PROBLEM DESCRIPTION: For the entries below, the expected answer is the line with "Everfurn Nile Nesting", the line with "TANNER MARK MEN'S", and every line between them, exactly as written, and nothing more.

━━━━━ INPUT

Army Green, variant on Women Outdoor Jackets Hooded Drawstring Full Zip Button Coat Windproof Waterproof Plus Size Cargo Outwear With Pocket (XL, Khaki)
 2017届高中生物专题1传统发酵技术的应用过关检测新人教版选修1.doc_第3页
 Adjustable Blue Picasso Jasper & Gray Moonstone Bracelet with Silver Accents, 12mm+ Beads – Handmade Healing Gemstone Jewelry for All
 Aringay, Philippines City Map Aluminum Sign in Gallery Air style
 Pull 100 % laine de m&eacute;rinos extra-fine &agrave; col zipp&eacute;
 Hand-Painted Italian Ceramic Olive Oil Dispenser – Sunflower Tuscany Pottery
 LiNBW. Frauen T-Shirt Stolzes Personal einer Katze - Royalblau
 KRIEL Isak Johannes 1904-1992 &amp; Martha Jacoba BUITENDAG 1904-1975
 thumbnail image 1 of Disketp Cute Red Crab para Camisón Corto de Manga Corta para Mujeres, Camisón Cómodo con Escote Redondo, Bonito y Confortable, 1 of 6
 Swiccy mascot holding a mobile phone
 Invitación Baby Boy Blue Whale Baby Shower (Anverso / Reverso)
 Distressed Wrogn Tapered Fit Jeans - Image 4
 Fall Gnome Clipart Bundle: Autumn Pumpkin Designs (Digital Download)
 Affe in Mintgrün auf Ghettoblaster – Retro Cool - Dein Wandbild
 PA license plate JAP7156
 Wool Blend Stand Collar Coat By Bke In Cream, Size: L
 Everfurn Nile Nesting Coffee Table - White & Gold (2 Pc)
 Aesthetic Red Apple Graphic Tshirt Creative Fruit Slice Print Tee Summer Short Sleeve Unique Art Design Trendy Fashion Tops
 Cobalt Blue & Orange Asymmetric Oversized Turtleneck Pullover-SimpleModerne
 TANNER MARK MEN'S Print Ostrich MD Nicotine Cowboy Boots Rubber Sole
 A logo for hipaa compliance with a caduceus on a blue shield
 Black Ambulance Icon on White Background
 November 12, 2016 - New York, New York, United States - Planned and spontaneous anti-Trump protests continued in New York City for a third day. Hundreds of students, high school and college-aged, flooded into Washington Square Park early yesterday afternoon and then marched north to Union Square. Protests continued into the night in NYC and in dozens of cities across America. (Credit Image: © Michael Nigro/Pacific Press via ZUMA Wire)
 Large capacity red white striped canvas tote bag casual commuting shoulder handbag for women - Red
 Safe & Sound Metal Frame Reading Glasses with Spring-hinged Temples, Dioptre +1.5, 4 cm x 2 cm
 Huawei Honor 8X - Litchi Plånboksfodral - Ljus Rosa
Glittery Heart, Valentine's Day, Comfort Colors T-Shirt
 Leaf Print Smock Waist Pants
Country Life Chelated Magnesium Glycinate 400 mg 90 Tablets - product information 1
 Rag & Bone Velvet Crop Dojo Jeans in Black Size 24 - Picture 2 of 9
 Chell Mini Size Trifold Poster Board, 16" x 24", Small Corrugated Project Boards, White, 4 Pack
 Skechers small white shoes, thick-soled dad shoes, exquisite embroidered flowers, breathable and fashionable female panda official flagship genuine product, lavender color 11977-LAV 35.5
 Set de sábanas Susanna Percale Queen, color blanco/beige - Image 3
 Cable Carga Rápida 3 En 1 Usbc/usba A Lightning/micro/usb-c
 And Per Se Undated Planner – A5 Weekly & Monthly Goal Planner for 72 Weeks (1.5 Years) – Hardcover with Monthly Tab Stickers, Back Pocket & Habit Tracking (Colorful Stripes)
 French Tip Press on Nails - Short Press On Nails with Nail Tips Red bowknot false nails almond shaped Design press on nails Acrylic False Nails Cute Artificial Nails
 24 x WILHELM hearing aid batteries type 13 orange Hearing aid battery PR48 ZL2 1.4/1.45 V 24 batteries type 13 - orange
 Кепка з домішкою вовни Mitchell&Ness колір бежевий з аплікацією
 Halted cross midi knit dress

━━━━━━━━━━

SOLUTION TO THIS PROBLEM:
 Everfurn Nile Nesting Coffee Table - White & Gold (2 Pc)
 Aesthetic Red Apple Graphic Tshirt Creative Fruit Slice Print Tee Summer Short Sleeve Unique Art Design Trendy Fashion Tops
 Cobalt Blue & Orange Asymmetric Oversized Turtleneck Pullover-SimpleModerne
 TANNER MARK MEN'S Print Ostrich MD Nicotine Cowboy Boots Rubber Sole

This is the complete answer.